Primeira banalidade: a ficção realista é sempre ultrapassada pela realidade, trate-se de um ambiente concentracionário na floresta amazónica
(A Selva, de Ferreira de Castro)
, uma migração colectiva na América da Grande Depressão (
As Vinhas da Ira, de John Steinbeck) ou uma exploração mineira em França (
Germinal, de Émile Zola).
Se Isto É um Homem, de 1947, é um relato verídico de um sobrevivente, escrito ao longo de mais de um ano, tão intensamente vivo como profundamente meditado. E, por isso, o horror pôde ser descrito com objectividade, a benefício da narrativa, que não se deixa seduzir pela magnitude do tema (a vivência do próprio autor no infame campo de Auschwitz, até à libertação pelas tropas soviéticas, em Janeiro de 1944), conduzindo a narrativa porventura com uma grandiloquência que só a prejudicaria. Como Levi é um grande escritor, serve o texto com absoluta mestria, num estilo contido e recurso frequente a frases curtas, remates de períodos que nos deixam k.o.

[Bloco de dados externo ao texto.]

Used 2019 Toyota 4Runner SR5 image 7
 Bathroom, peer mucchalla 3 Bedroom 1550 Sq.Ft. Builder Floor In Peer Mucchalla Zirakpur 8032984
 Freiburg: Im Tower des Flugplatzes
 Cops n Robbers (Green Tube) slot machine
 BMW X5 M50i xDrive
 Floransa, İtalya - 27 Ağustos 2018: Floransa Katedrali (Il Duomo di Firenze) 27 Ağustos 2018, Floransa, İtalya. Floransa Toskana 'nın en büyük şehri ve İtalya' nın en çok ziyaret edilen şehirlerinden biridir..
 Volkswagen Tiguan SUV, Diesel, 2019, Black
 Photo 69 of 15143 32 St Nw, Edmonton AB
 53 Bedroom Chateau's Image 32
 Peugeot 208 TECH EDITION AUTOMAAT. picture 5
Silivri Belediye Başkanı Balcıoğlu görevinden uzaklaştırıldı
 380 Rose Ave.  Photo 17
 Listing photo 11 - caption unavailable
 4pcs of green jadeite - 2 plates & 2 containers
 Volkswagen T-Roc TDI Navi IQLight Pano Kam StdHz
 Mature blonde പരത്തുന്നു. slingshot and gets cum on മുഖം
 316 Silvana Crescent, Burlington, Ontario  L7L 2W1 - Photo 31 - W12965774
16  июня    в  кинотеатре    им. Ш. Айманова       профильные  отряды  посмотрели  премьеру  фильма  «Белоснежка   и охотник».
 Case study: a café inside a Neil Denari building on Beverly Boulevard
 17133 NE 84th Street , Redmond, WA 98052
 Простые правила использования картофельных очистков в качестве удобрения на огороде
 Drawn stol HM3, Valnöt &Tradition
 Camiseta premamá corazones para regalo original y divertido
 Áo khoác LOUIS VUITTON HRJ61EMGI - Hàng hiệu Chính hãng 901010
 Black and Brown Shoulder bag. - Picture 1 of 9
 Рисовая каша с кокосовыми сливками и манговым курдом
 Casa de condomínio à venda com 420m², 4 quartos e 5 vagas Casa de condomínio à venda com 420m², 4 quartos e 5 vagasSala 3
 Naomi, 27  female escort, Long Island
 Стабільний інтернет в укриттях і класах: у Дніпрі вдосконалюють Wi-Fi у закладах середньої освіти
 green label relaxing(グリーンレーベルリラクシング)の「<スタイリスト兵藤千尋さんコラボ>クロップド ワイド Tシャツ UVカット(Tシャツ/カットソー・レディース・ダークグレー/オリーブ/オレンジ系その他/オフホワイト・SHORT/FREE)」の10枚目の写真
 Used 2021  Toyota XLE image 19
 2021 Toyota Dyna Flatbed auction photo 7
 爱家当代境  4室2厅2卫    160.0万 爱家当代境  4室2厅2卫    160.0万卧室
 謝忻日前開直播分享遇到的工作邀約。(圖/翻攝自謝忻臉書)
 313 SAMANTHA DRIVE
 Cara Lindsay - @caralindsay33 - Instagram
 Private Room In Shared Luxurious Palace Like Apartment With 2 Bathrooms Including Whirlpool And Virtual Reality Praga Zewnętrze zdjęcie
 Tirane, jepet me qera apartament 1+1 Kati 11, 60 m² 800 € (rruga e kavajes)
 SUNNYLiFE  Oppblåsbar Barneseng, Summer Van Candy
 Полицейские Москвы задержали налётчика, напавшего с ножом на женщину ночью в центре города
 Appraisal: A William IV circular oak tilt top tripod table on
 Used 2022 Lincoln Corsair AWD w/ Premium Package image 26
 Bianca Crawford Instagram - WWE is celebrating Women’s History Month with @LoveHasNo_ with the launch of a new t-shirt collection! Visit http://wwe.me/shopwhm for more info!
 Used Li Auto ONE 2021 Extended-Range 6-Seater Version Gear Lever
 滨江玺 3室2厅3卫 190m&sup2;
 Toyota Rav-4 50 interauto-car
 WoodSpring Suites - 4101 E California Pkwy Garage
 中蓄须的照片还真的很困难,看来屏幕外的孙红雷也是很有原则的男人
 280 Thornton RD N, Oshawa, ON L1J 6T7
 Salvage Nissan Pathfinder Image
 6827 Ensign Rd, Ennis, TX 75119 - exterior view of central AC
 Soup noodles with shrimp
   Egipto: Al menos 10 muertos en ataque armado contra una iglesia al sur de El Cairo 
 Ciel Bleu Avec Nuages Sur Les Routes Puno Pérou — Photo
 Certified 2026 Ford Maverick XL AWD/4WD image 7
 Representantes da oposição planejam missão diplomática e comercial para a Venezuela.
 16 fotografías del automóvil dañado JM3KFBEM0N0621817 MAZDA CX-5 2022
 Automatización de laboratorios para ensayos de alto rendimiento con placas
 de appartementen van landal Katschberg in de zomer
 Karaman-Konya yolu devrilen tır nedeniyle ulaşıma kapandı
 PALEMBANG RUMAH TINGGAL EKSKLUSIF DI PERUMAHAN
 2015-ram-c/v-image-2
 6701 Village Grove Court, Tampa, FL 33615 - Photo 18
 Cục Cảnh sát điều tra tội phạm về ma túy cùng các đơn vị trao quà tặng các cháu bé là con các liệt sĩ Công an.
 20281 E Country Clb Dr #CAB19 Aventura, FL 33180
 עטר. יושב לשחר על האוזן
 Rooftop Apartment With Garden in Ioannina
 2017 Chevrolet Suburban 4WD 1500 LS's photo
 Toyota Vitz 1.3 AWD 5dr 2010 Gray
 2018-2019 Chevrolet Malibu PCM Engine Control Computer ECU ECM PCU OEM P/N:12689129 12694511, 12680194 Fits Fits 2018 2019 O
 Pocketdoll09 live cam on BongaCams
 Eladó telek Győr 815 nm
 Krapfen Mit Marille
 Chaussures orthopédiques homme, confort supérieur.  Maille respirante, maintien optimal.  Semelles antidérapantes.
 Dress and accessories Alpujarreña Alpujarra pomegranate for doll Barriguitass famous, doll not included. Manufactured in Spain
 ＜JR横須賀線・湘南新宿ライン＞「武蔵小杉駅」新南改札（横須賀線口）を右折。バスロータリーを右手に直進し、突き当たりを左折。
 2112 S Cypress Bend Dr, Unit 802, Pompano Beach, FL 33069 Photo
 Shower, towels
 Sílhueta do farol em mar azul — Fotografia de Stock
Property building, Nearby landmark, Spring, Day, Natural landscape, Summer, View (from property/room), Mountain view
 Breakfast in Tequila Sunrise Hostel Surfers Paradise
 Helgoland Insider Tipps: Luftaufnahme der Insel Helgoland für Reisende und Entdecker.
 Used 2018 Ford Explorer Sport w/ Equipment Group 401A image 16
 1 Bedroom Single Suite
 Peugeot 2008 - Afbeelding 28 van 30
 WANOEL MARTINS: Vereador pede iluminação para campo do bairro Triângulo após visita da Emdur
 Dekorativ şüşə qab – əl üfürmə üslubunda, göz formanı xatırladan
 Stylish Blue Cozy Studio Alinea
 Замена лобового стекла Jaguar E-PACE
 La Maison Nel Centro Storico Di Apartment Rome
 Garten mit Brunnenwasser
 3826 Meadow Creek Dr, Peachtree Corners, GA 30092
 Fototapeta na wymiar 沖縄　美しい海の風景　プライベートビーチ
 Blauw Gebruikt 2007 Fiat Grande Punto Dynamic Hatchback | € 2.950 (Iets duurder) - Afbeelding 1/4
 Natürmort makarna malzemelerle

Se Isto É um Homem: a condição simultaneamente trágica e patética do bicho-homem que conhecemos de nós próprios, mas que aqui outrém -- o autor -- revela. E, embora revelando-se, apenas o faz parcialmente, pois o autor/narrador fala de um eu que só em determinados e ocasionais momentos o é, porque do que se trata é a confirmação à outrance, e pelos meios conhecidos, do desiderato dos alemães nesta perseguição insana: a de retirar os judeus da humanidade -- não apenas exterminando-os, mas, naqueles que não eram desde logo executados, esvaziando-os dessa mesma humanidade, como que para comprovar teorias rácicas tão dementes quanto extraordinariamente estúpidas (um racista biológico, quando não for um doido varrido, será sempre um cretino, ignorante e por vezes perigoso).
à margem, mas a propósito
Outro lugar-comum, que por o ser não é menos verdadeiro, é o da natureza excepcionalmente maligna do feixe de ideias imbecil e mal cozinhado que foi o nacional socialismo, pior do que o estalinismo, na medida em que este, entre outras coisas, pintava o despotismo com as cores do humanismo (como embuste, talvez nada lhe leve a palma); o nazismo, pelo contrário, não ocultou a sua natureza degeneradamente maligna: a da suposta e absurda existência de uma raça superior, doutras inferiores, e até de uma categoria que estava abaixo da humanidade e que havia que exterminar, não sem antes ser sugada, metodicamente, pelo trabalho até à exaustão, com rigor e cultura germânicos.